In news- Recently NASA’s Parker solar probe became the first spacecraft to fly through the outer atmosphere of the Sun.
Key updates–
- It flew through the Sun’s upper atmosphere ‘Corona’ and sampled magnetic fields and particles there.
- The data beamed back by the probe released by Nasa showed that the probe came as close as 1.3 crore kilometres to the surface of the Sun.
- The spacecraft used its Wide-field Imager for Parker Solar Probe (WISPR) to capture unique structures known as coronal streamers as they passed through the atmosphere of the Sun.
- At one point, as the spacecraft dipped to just beneath 1.5 crore kilometres from the Sun’s surface, it transited a feature in the corona called a pseudo streamer.
- Pseudo Streamers are massive structures that rise above the Sun’s surface and can be seen from Earth during solar eclipses.
- Passing through the pseudo streamer was like flying into the eye of a storm.
About the Parker probe-
- It is the first-ever mission to “touch” the Sun.

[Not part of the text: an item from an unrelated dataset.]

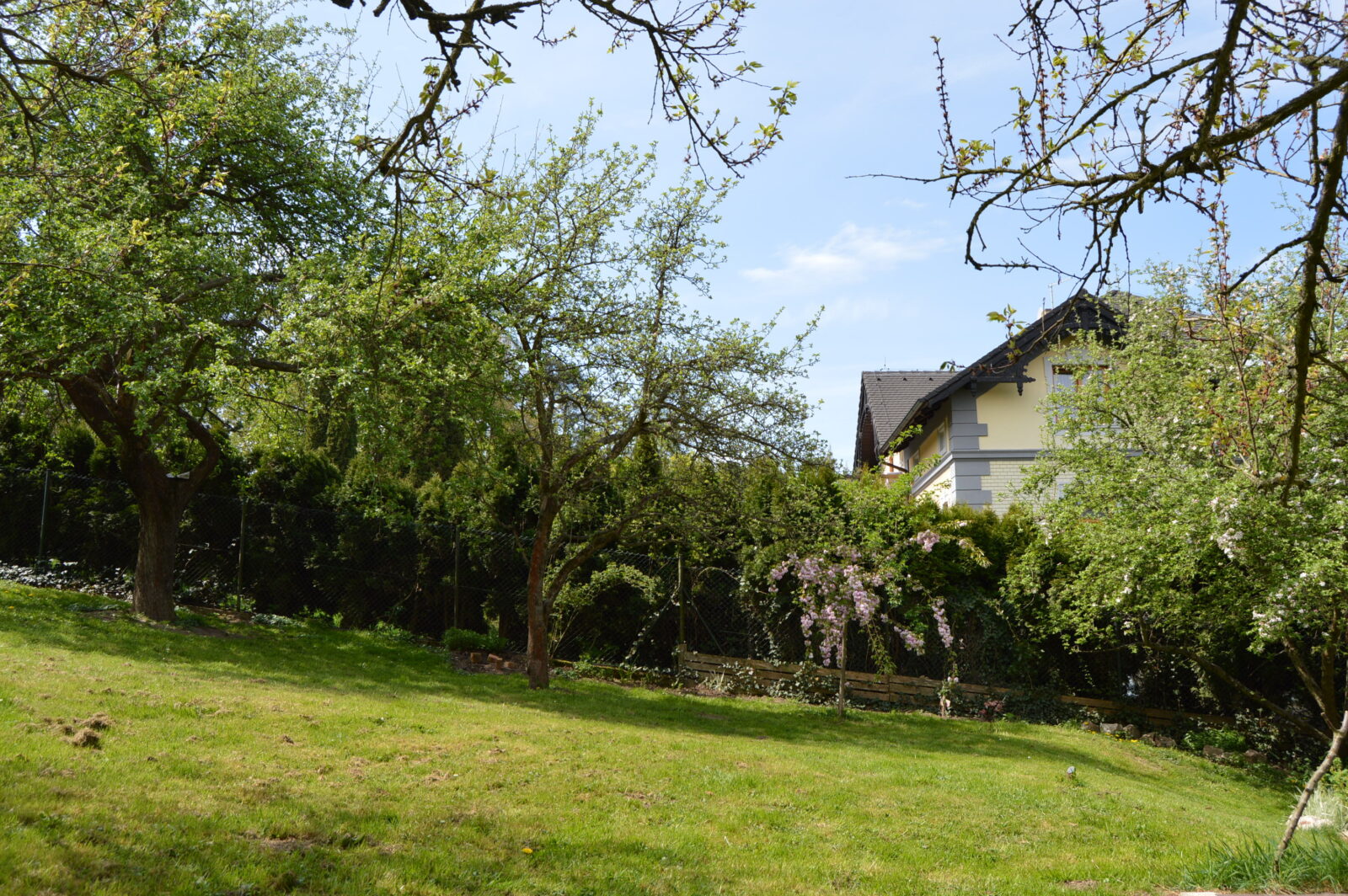 Arhivska fotografija: Thinkstock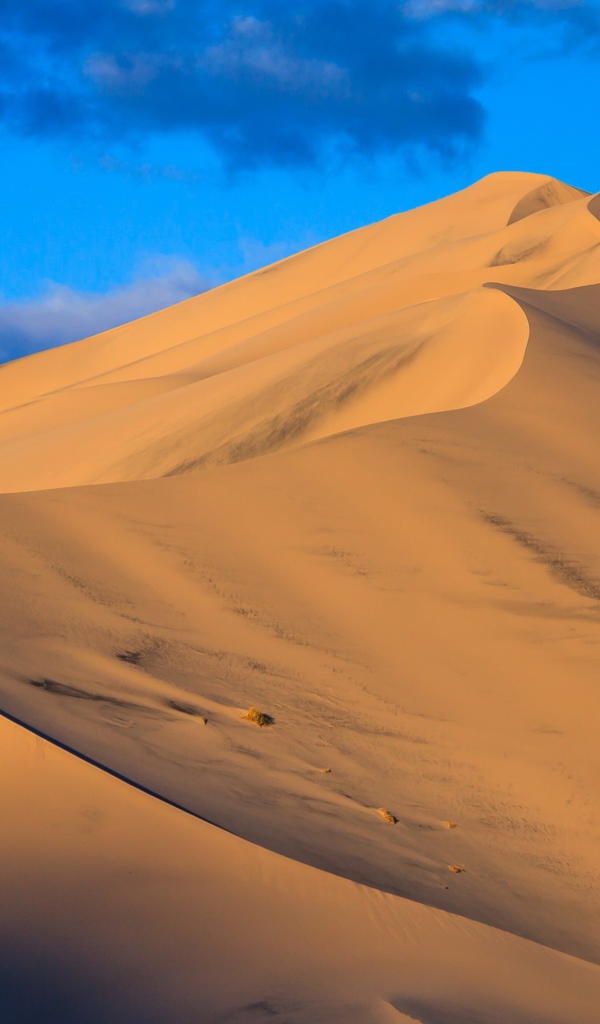 Песчаные дюны под голубым небом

- The spacecraft, about the size of a small car, travels directly through the Sun’s atmosphere.
- It was launched aboard a Delta IV-Heavy rocket from Cape Canaveral, on Aug. 12, 2018.
- The Probe uses Venus’ gravity during seven flybys over nearly seven years to gradually bring its orbit closer to the Sun.

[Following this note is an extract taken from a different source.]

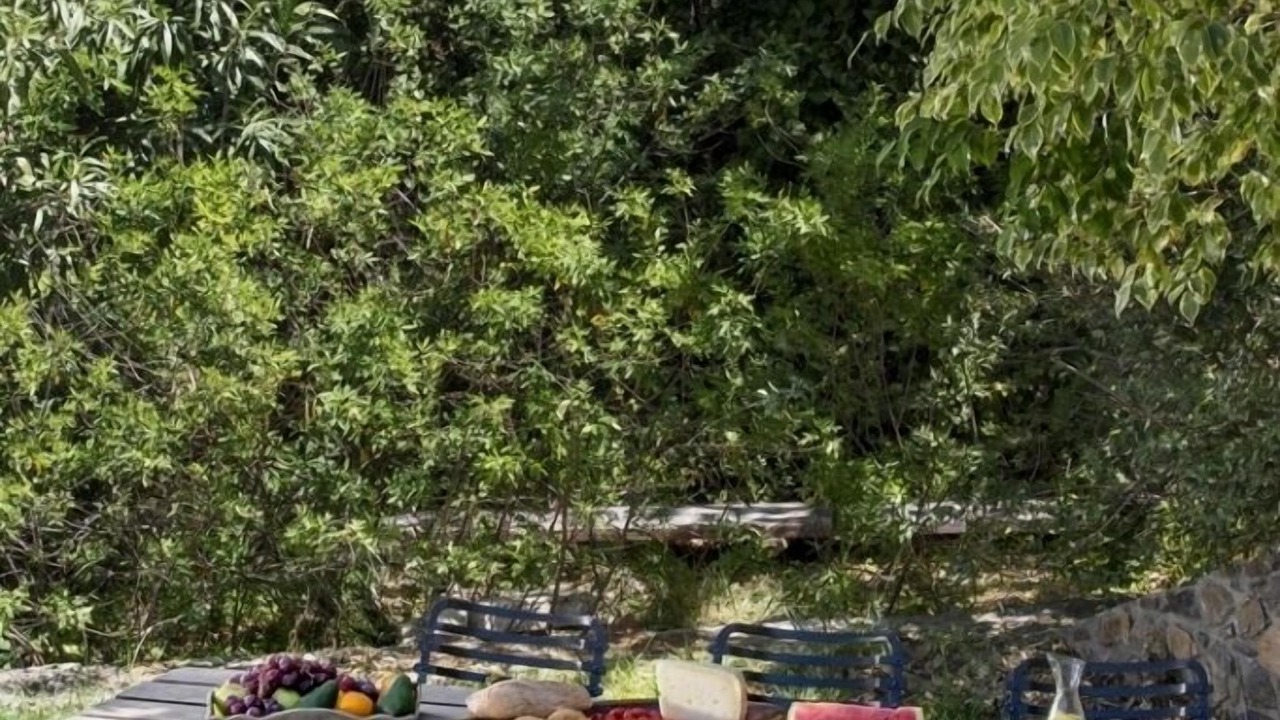Photo of Outdoor in Livadia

- It is part of NASA’s Living With a Star program to explore aspects of the Sun-Earth system that directly affect life and society.
- The spacecraft and instruments are protected from the Sun’s heat by a 4.5-inch-thick carbon-composite shield, which needs to withstand temperatures outside the spacecraft that reach nearly 2,500 F.
- The primary science goals for the mission are to trace how energy and heat move through the solar corona and to explore what accelerates the solar wind as well as solar energetic particles.
- It carries four instrument suites designed to study magnetic fields, plasma and energetic particles, and image the solar wind.
- In April 2021, Parker crossed what is termed the Alfvén critical boundary (Alfvén is the outer edge of the corona).
- It is the point where solar material that is normally bound to the Sun by gravity and magnetic forces breaks free to stream out across space.